Pero nos mantienen vivos

Hay libros que regalas sabiendo que tarde o temprano llegarán a tus manos y te provocarán un cierto sentimiento de culpabilidad. Es cierto, los regalaste pensando en el regalado, pero también pensando en ti, en tus gustos, en matar dos pájaros de un tiro concediéndote un tiempo para su lectura y su degustación. Este es el caso de El fútbol no te da de comer (Libros del Ko, 2022), una recopilación de columnas de Enrique Ballester que aborda el hecho futbolístico y todos sus alrededores con la ironía que cada vez más demanda este producto de marketing, esta ilusión mediática que sigue alimentando sueños infantiles, anhelos adolescentes y pesadillas de adultos.

Que el fútbol es un gran invento nadie lo puede negar. O lo adoras o lo ignoras deliberadamente, pero nadie es ajeno a su existencia. Puedes optar por golpear una lata abandonada o por dejarla donde está, e incluso recogerla y lanzarla a la papelera, pero no puedes obviar que allí está, interrogándote, solicitando atención. Su poder de atracción es tan primario como el de los hombros anchos de los varones o las caderas de las hembras en el reino animal.

Sin embargo, pese a su conexión tan íntima con nuestro yo más irracional, el fútbol es un producto relativamente reciente.

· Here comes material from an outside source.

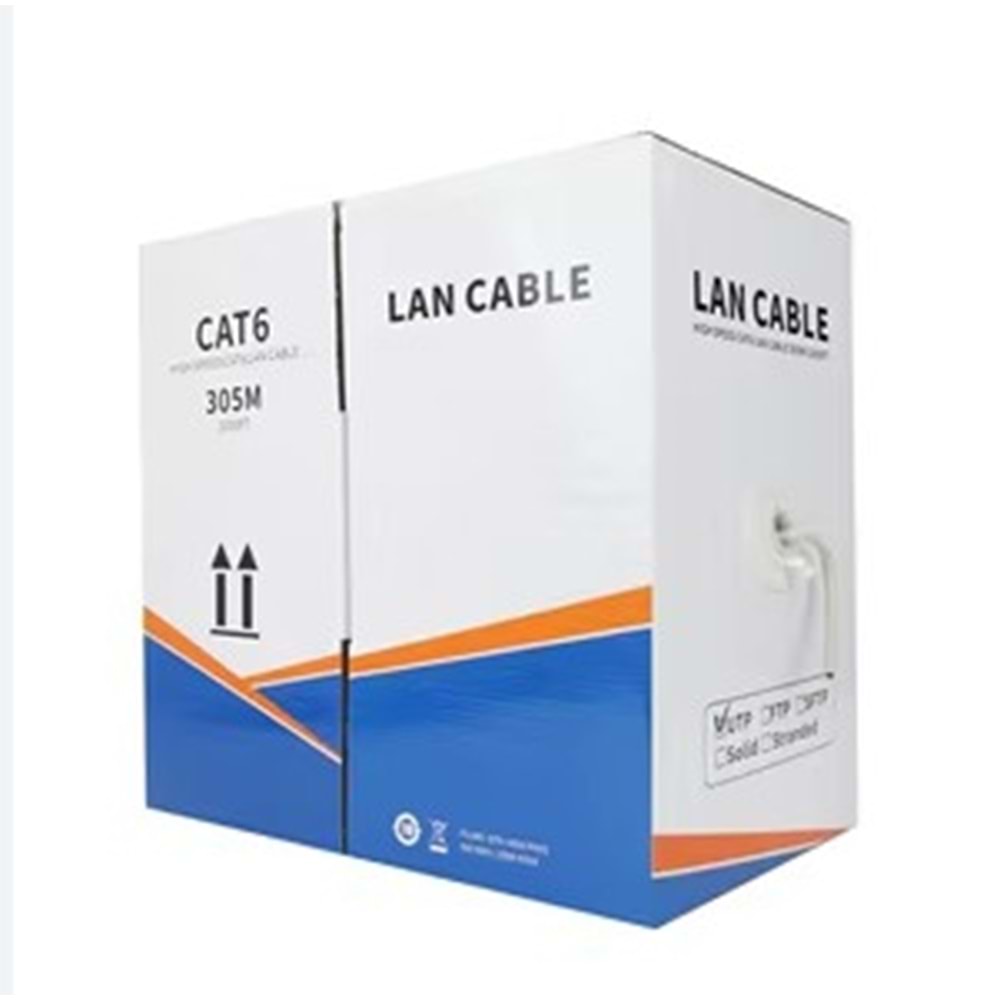 Infınıty CAT6 Kablo 0,57MM CCA PVC Box 305M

Lo mismo sucede con la literatura, que en su versión institucional no tiene más de tres siglos, aunque el ser humano lleve milenios contando y escuchando historias, escapando de las exiguas posesiones de su mundo para vivir las vidas de otros de manera vicaria, como espectadores, oyentes y finalmente lectores.

Todo, tanto en el fútbol como en la literatura, nos conduce al juego, a la aceptación de un pacto entre escritores y lectores, entre protagonistas y espectadores, la asunción de unas normas que, durante un período de tiempo, noventa o cien minutos (o hasta que marque el Madrid), una u ocho horas (o hasta que toque salir de paseo con el niño, o con el perro), todos aceptan a sabiendas de que no están sustentadas en las normas del derecho natural o las leyes de las ciencias elementales. Cuando se lee el dragón existe, cuando se juega un tipo como Maradona, corriente, por no decir vulgar, lejos de una cancha, puede recibir el sobrenombre de dios del fútbol sin que nadie se sonroje.

Y a jugar, lo que se dice jugar con las palabras, juguetear con los recursos literarios, gambetear con la pluma y las teclas de su ordenador, con los pasajes de su memoria y las escenas que asaltan su inabarcable imaginación, a jugar, lo que se dice jugar con los epítetos, las anáforas y los pleonasmos; las metonimias, las prosopopeyas y las metáforas, a jugar nadie se compara con Celia Corral Cañas, escritora de la que como diría José Luis López Vázquez me declaro admirador, amigo y, si hiciera falta, esclavo y siervo.

Leyendo Cómo suspender Literatura (La consentida, 2024) comprendí que Celia se lo había pasado muy bien escribiéndolo, redactando, por ejemplo, uno de los mejores primeros capítulos que uno recuerda, un auténtico poema en prosa, una enumeración homérica y al mismo tiempo marxiana, hasta el punto de que uno no sabe si Celia describe la asistencia a un teatro o los inesperados huéspedes del famoso camarote.

El libro es una novela, pero es también un tratado de escritura creativa, un manual de los mismos recursos sobre los que establece un discurso satírico y por lo tanto crítico. El libro es metaliteratura, alta y baja literatura al mismo tiempo, un ejercicio consciente del subconsciente que sobrevuela en las aulas de instituto y de universidad, en los grandes salones donde se reúnen los grandes nombres de la literatura. Celia sabe mejor que nadie lo que hace falta para triunfar y también, algo que lleva con una brillante ironía, que ella solo posee la primera de las premisas, quizá la menos importante: un enorme talento.

Un enorme talento que, por fortuna, pudo y quiso descubrir la editorial La consentida, una marca que se declara independiente y que, por esto mismo, tal vez, se ha atrevido a publicar este retrato valleinclanesco de la alta sociedad literaria, también de la Academia (uno duda si escribirla en minúscula) y sus cloacas bañadas en pan de oro en este ejercicio ante todo lúdico, en esta muestra de gran talento que, como sucede con cualquier juego o partido, deja también una importante resaca: tras el pitido final uno puede decidir que ha ganado y que quiere disfrutarlo, que ha ganado pero no es para tanto; que ha perdido, pero no le preocupa o que ha perdido y ya está preparado para una revancha.

Y es verdad, ni la literatura ni el fútbol nos dan de comer. Pero nos mantienen vivos.